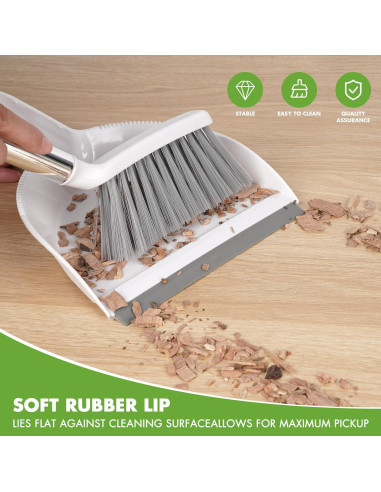 Juego de Escoba y Recogedor Mini Zehrai - Ergonomico, Blanco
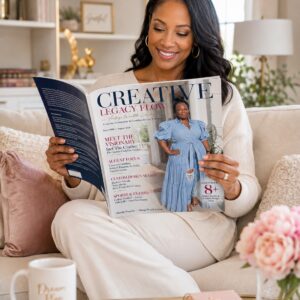 Woman reading the CREATTV Legacy Flow Magazine by Vintage Wealth Society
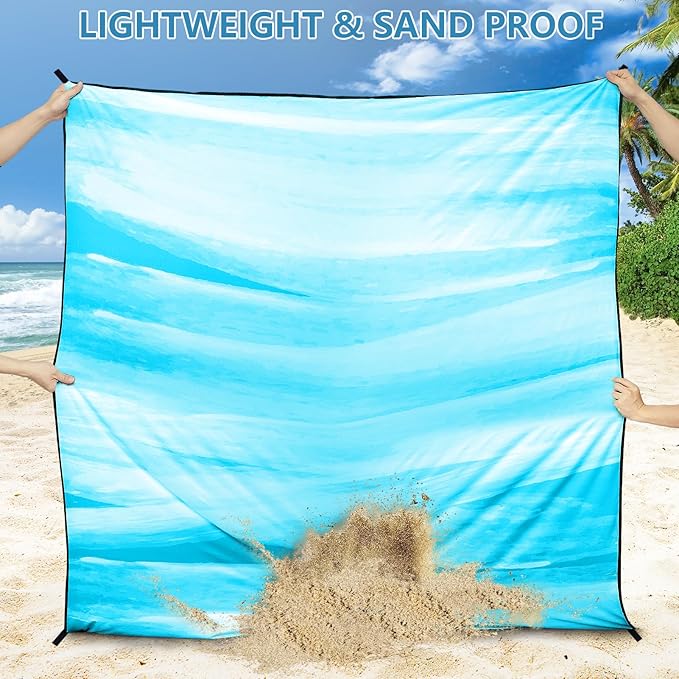 Beach Blanket Waterproof Sandproof Beach Mat 79" X 83"/10'x9'for 2-8 Adults Quick Drying Outdoor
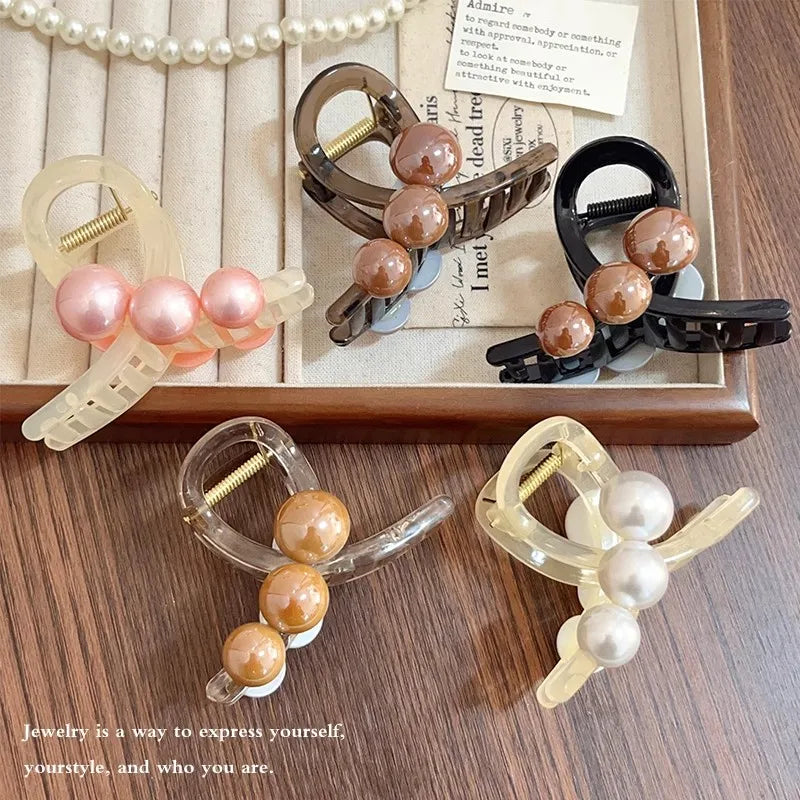 Elegant Pearls 3.15in Cross Hair Claw For Women Girls Sweet Hair Ornament Claw Clip Hair Clip Hairpin Fashion Hair Accessories - Kellylooks Shop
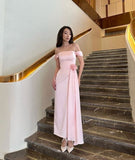 Classy A line Off The Shoulder Ruffles Pink Prom Gown Summer Wedding Guest Dress Bridal Guest Dresses Wedding Outfits For Guest HZ1121
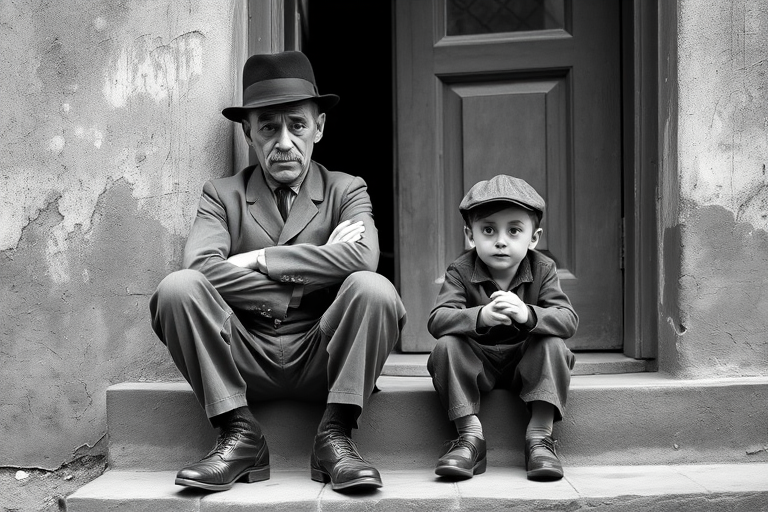 A black-and-white photograph of a man and a child sitting on steps in front of a doorway. The man is dressed as a tramp with a bowler hat, mustache, and ragged clothes, reminiscent of Charlie Chaplin's iconic look. He is sitting with his arms crossed and an expression of slight sadness or frustration. Next to him is a young boy, also in worn clothes and a cap, sitting with his hands clasped, looking thoughtful. The background is an old, textured wall and a partially open door, creating a vintage, early 20th-century atmosphere.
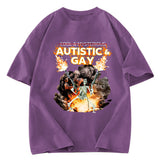 Tokyosol Autistic and Gay Skeleton Explosion Washed T-Shirt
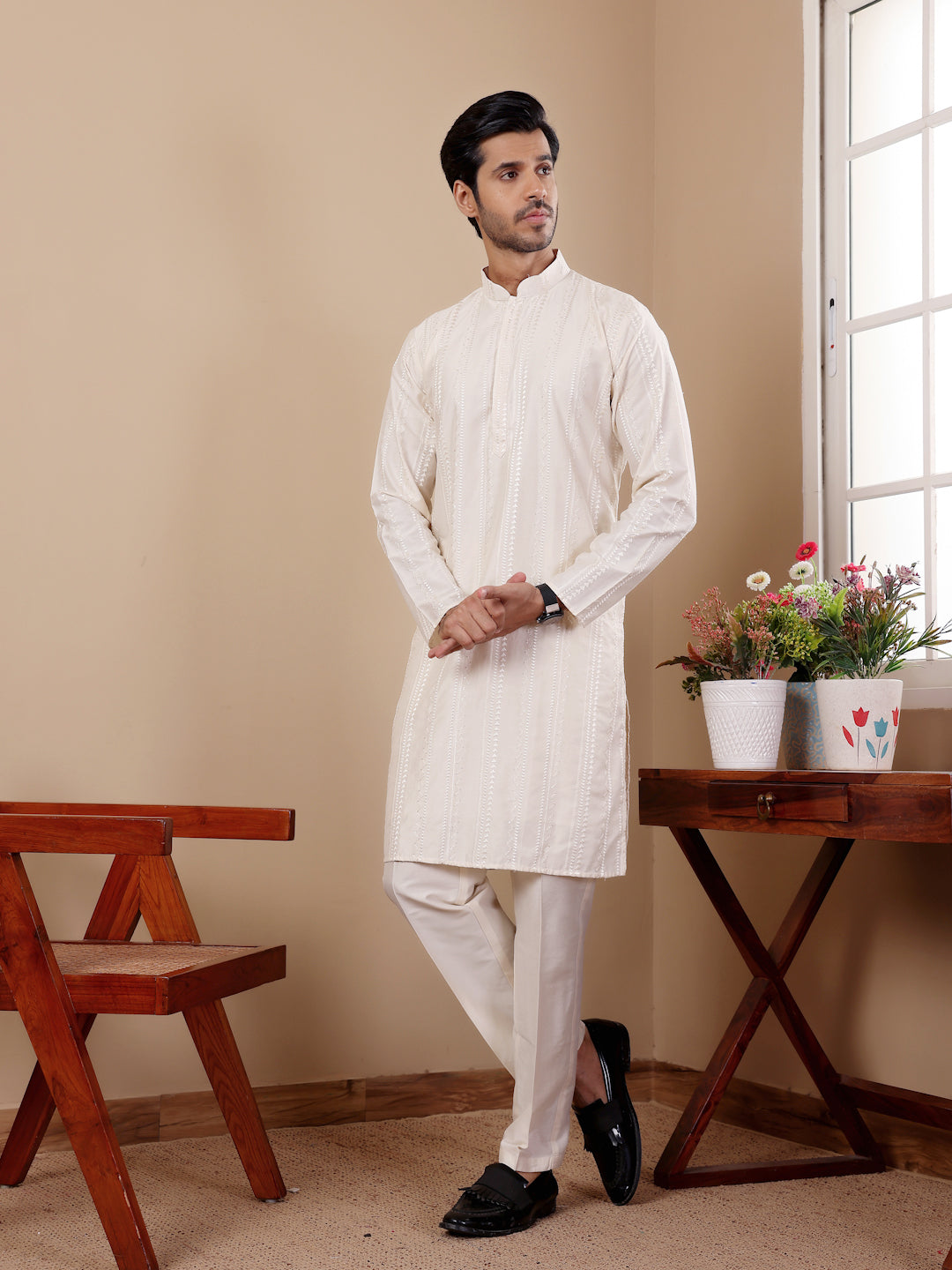 Off White Embroidered and Sequence Kurta Set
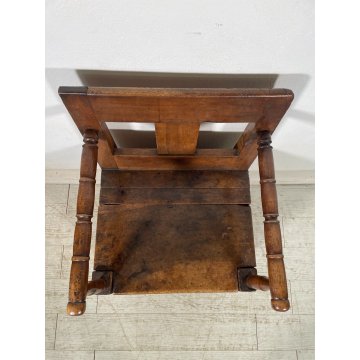 ANTICO TRONO SGABELLO RUSTICO '800 SEDIA BAULE BAITA LEGNO MASSELLO NOCE CHAIR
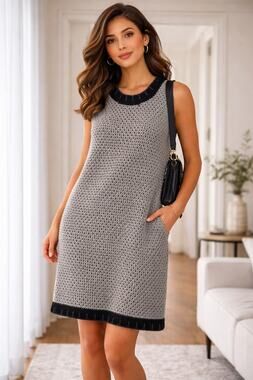 See by Chloe Sleeveless Large-Knit Wool Midi Dress Gray and Black Size 8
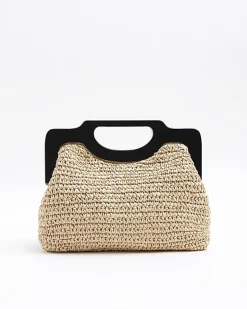 River Island Beige raffia clutch bag< Bags, Purses & Luggage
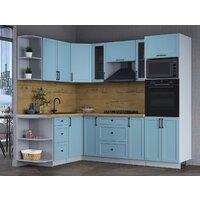 Готовая кухня Интерлиния Тренд 1.68x2.4 ВТ левая (океан/океан/дуб бунратти) - Превью изображения №4 — Интернет-магазин ПроЗаказ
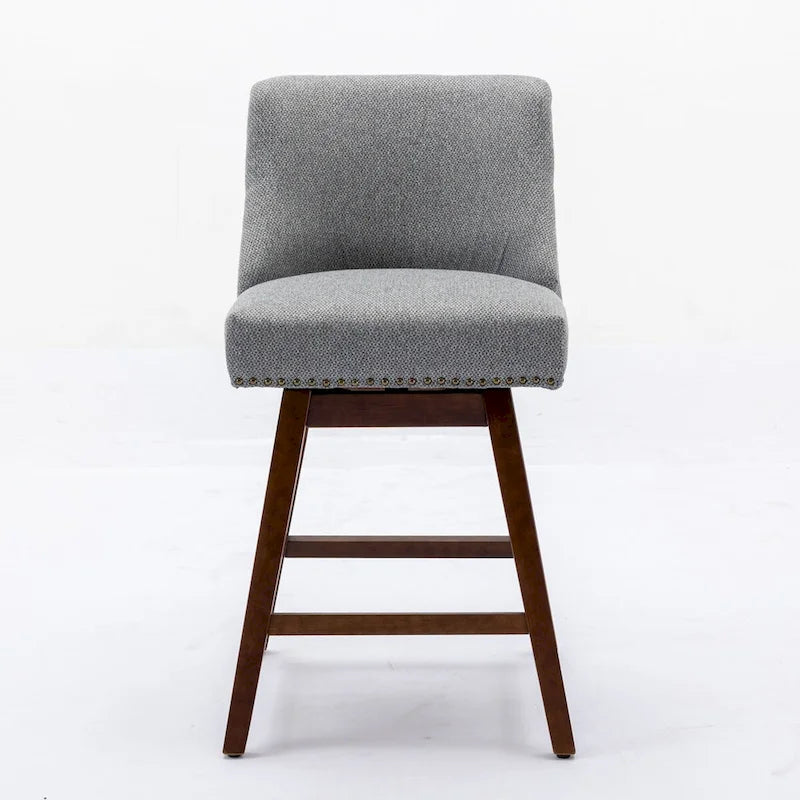 Counter Height Swivel Barstools, 26  H Seat Height Upholstered Bar Stools Set of 2, Fabric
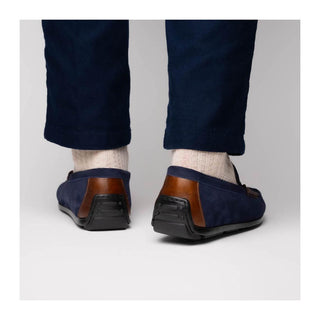 Zelli Italia Monza Men's Shoes Navy & Chesnut Calf-Skin Suede Driver (ZEL1045)
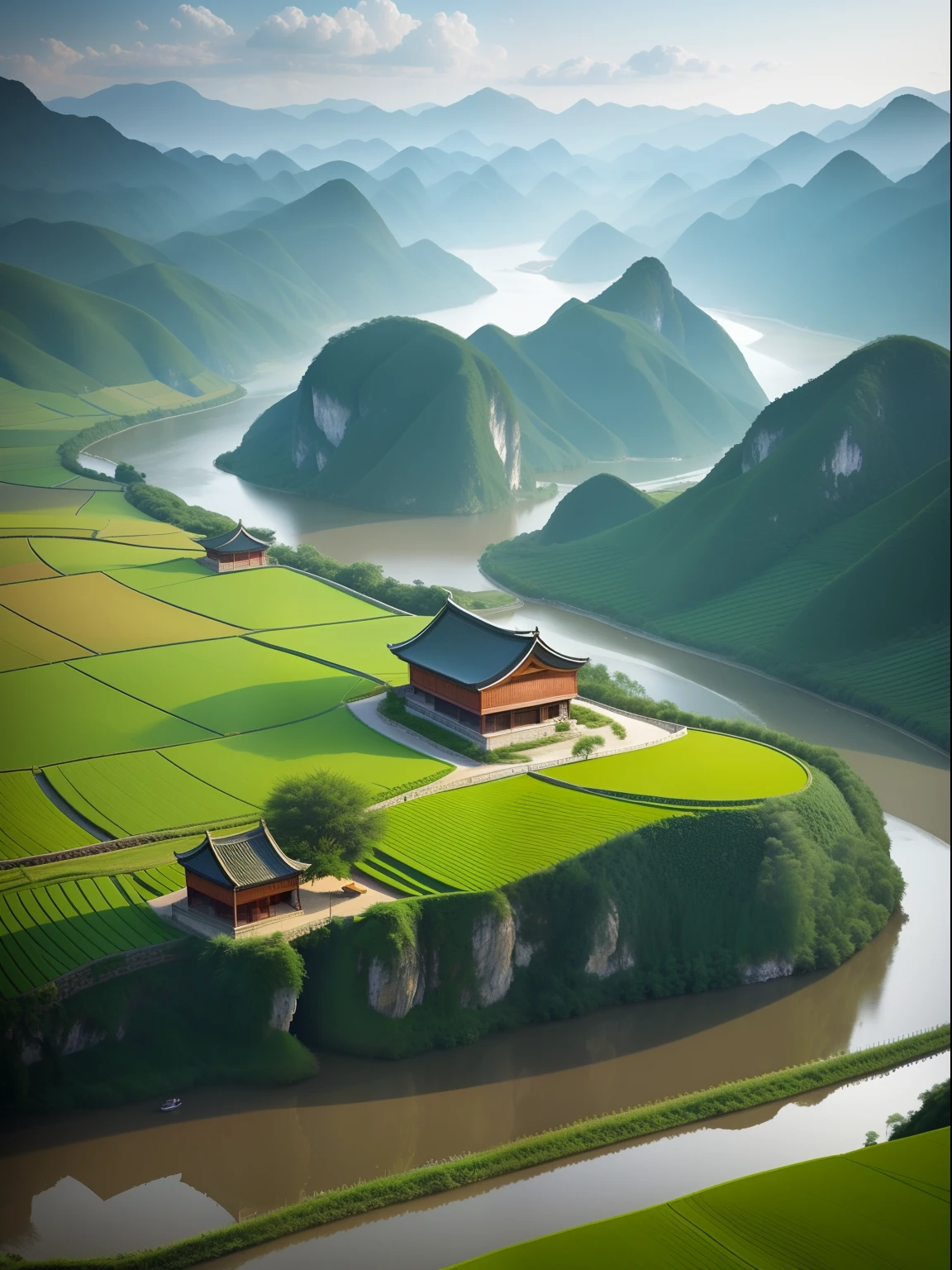 Alafid view of a small house in the valley，The background is mountains, author：Yu Zheding, by Raymond Han, beautiful landscape rendering, author：Patrick Cheng, author：Wang Lei, By Fei Danxu, author：Xia Yong, karst landscape, Valle futurista, Valle encantador, photorealistic landscapes, Amazing landscape, author：Fan Qi, Chinese village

· · · · · · ·

__Required work__
Nothing but the lines from the one containing "Counter Height Swivel" through the last line of the material may appear in the answer, transcribed exactly and with no pictures.

__The answer__
 Counter Height Swivel Barstools, 26  H Seat Height Upholstered Bar Stools Set of 2, Fabric
 Zelli Italia Monza Men's Shoes Navy & Chesnut Calf-Skin Suede Driver (ZEL1045)
 Alafid view of a small house in the valley，The background is mountains, author：Yu Zheding, by Raymond Han, beautiful landscape rendering, author：Patrick Cheng, author：Wang Lei, By Fei Danxu, author：Xia Yong, karst landscape, Valle futurista, Valle encantador, photorealistic landscapes, Amazing landscape, author：Fan Qi, Chinese village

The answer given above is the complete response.